It is evident throughout that the primary objective of all the emcees who contribute to the album is to help showcase the beats but they are not enlisted purely to make up the numbers. Indeed, The Numskullz make a handful of substantial contributions to the project and when added to Cello’s meditations and Lexis’s dictums, Rola’s talk of planets being born and doors being opened suggests that this album adheres to the loose narrative armature of a mythical quest. For example, another strong track featuring Cello is Freethinkers where, over some tuned cymbols, he talks about how in spite of lots of spiritual clensing and purging, something’s forever thwarting his realisation as a full 360-degree cipher. Still whereas other producers either wilfully stay in the background or are pushed out of the limelight by their vocal counterparts, here the quest narrated by Rola, Cello et al is the mere scenery in front of which Creative Control do their thing. Odd nosdam. Needs to listen to Lousha's theme , listen again and take plenty of notes as that Female vocal weaves in and out of all the drones, ambient noises, smudged piano and lush brush rhythms which go to make up the dreamy track. On a similar relaxed vibe, Metro Era is one of those breezy mood pieces which could kick off at any moment but instead kicks back and turns into dolphin song.. My favourite fully-instrumental track however is The Ride. The track opens with someone talking about life being like a fairground ride and the instrumental more than lives up to this premise. Here, a continual glockenspiel loop serves as the frame around which plunging string swoopss and several other shifting layers commingle to create a dizzying effect akin to those pirate-ship swings..

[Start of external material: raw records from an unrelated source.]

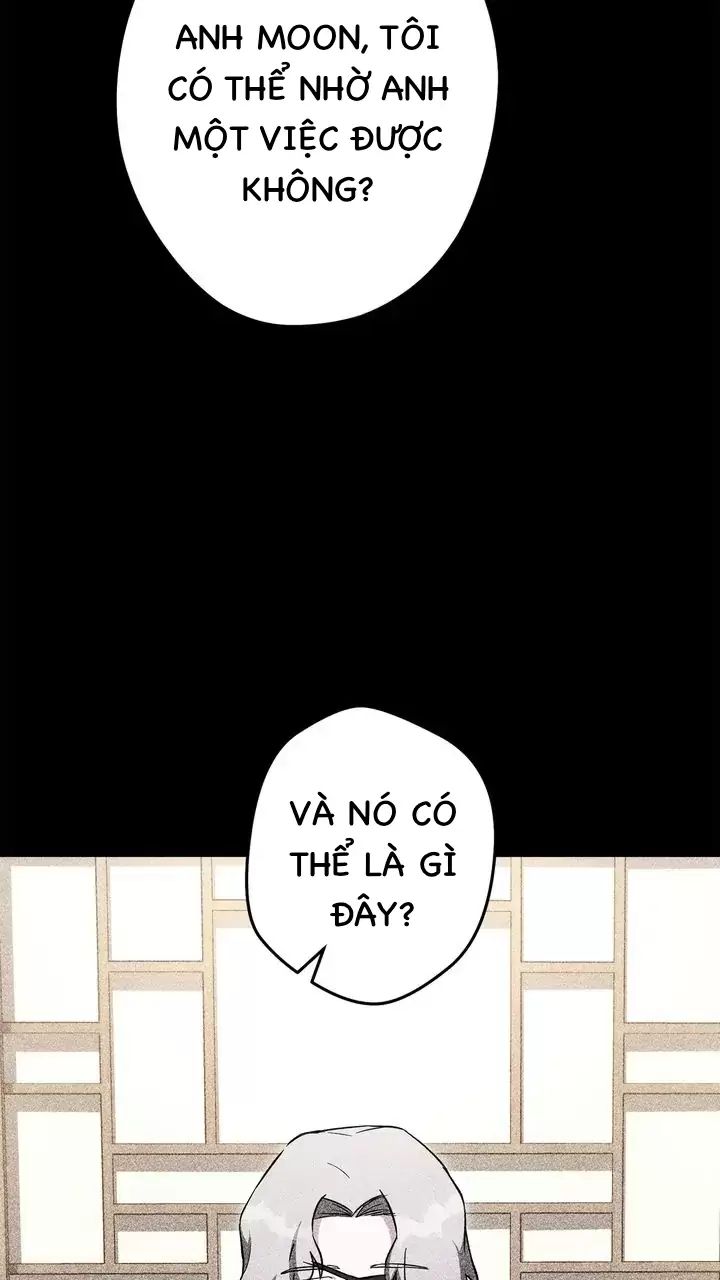Sự Sống Sót Của Kẻ Chiêu Hồn Chapter  48 - 48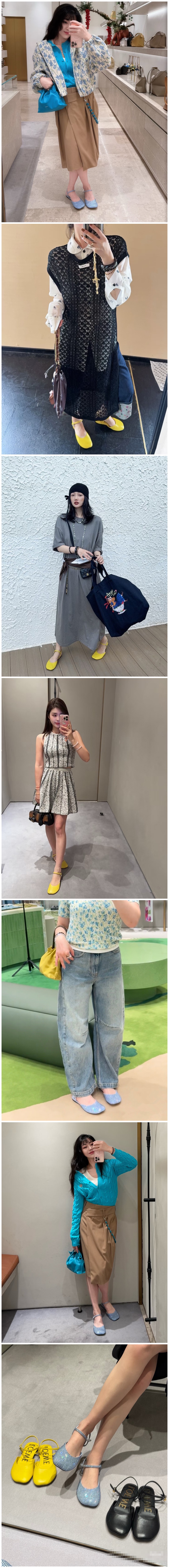 739.jpg
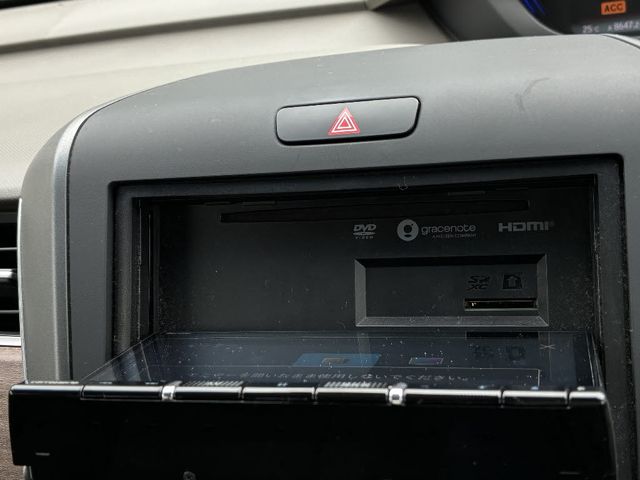 HONDA FREED PLUS HYBRID 2020 Image 31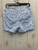 Used Vineyard Vines Shorts 2-26 60093-S000393231 View 3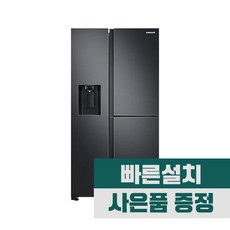 fa8612420bb9f56d045a801bafd2c8b25f1038fdb515aba316a0abea5ba7.jpg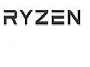 logo ryzen png90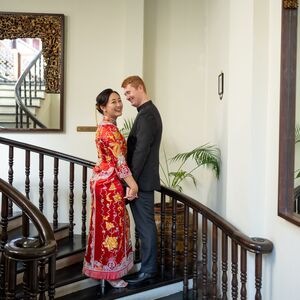 Gallery Photo 39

Following the melodious meandering of the middle stretch, the final three tracks find the album returning to the path on which it was originally launched with the previously mellow spoken-word orientated Cello returning in a more conventional and confident guise for The Flight. Whereas the earliest tracks featured more abstract and vague lyrics, here Cello breaks out from inside a musical iron lung to ride a string loop and evaluate the progress he’s made toward freedom. The Numskullz’ triumphant Communication concludes the emcees’ journey from doubt to affirmation. Now whereas theNumskullz’ other contributions have the same sombre vibe as much of their album tracks, Communication is full of optimistic declorations over an instrumental driven by high-pitched guitar strumming. The album finishes with the surreal “Hearts Ajar” instrumental which mixes intense Tori-Amos style piano playing emerging from ambient drones in order to battle with a hardcore junglist breakbeat.